There’s a popular quote, “If I only see one person come to know Christ in all of my years of ministry, it will all be worth it.” I hate that dumb quote. To me that quote inadvertantly implies two questions: What if I spend all of my days serving Him and I don’t lead anyone to Christ? Was it worth it?
Serving God isn’t for me. It’s for His glory and honor. It is true that people coming to know Him through faith in Jesus brings Him glory and honor. Lives transformed because of what the Spirit does brings God and immense amount of glory. But my work for God is always worth it because He is worth it, not because of the results that I see.
It took me being discouraged from what I haven’t been seeing to appreciate the small steps I did see yesterday. And the work I saw God doing in the hearts of our girls yesterday reminded me that faith is not dependent on what I see. God is good and wants these women to know Him. God sent us here to proclaim the gospel and to shepherd the lost to Him. God has a purpose for our lives here even if I don’t see it. Giving up holidays with family, comfort in the U.S., my hair straightener (trust me, that’s been a hard one!), and wonderfully brewed Starbucks for a year to serve God isn’t a sacrifice. It’s an honor.

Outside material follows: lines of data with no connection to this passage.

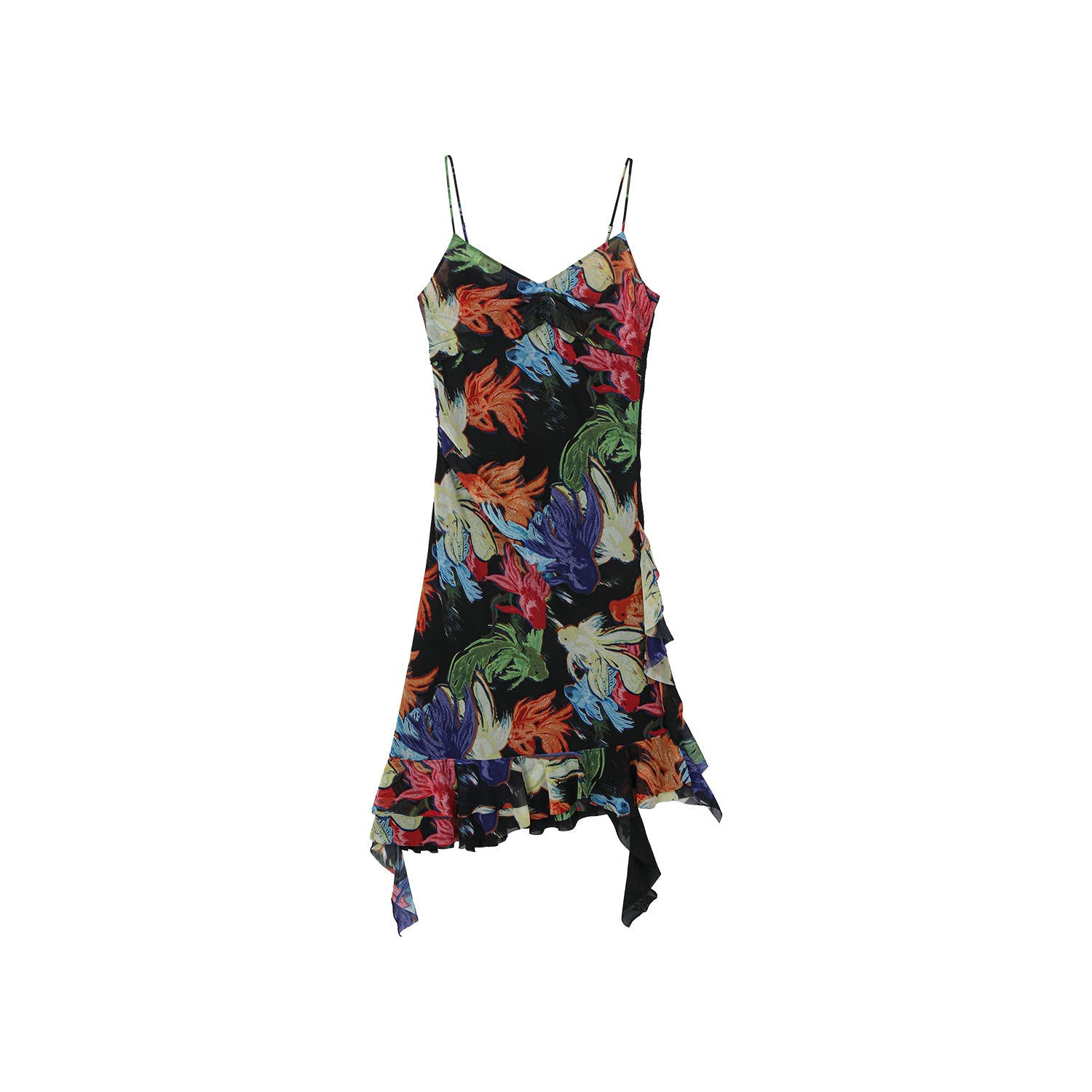 "Magical and enchanting" surreal electronic goldfish slip dress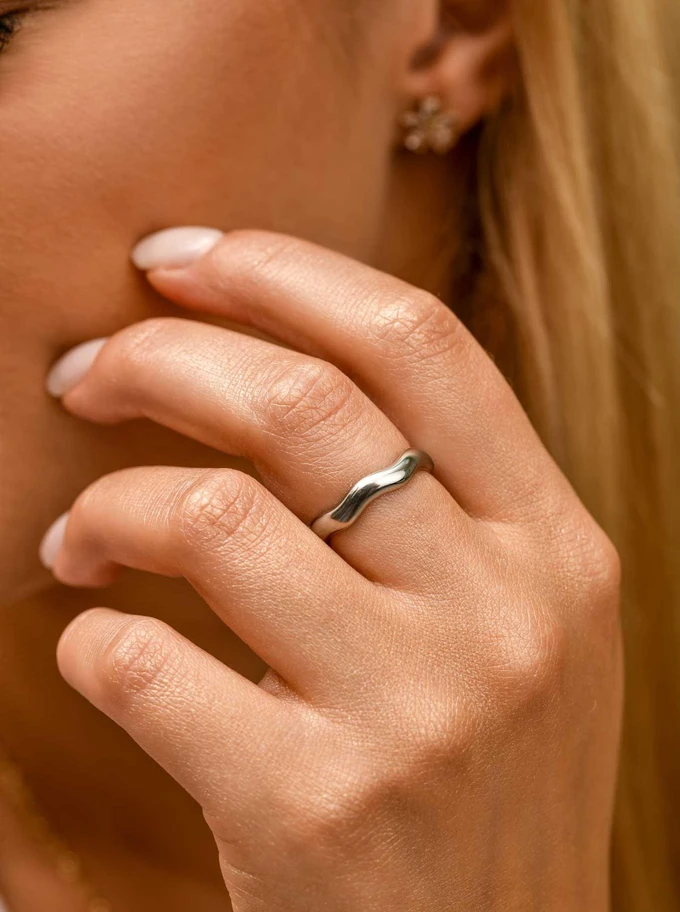 Pierścionek fala, stal S405175S00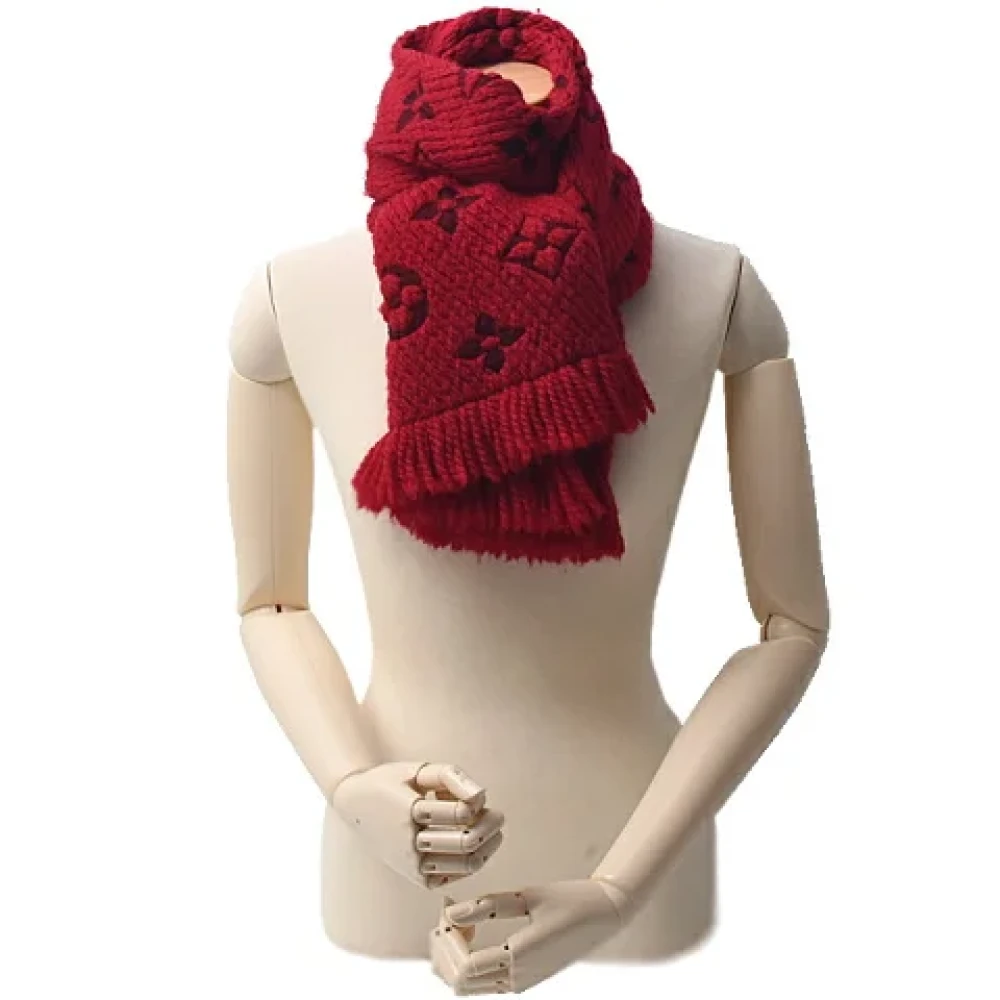 Louis Vuitton Vintage Pre-owned Canvas scarves Red Dames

I’m still amazed at the patience God has with me. I am taught the same lessons over and over again. They are always like onions in that once you get through one layer there is another. I love that God sweetly teaches me to trust Him and gives me a glimpse of what He’s doing. I’m thankful for His patience and love and the fact that He leads us if we let Him. Sometimes you follow and serve and don’t see anything. But the times that He does give you a glimpse of His plan as a reminder of His faithfulness it just leaves you saying, “Wow God, Wow.”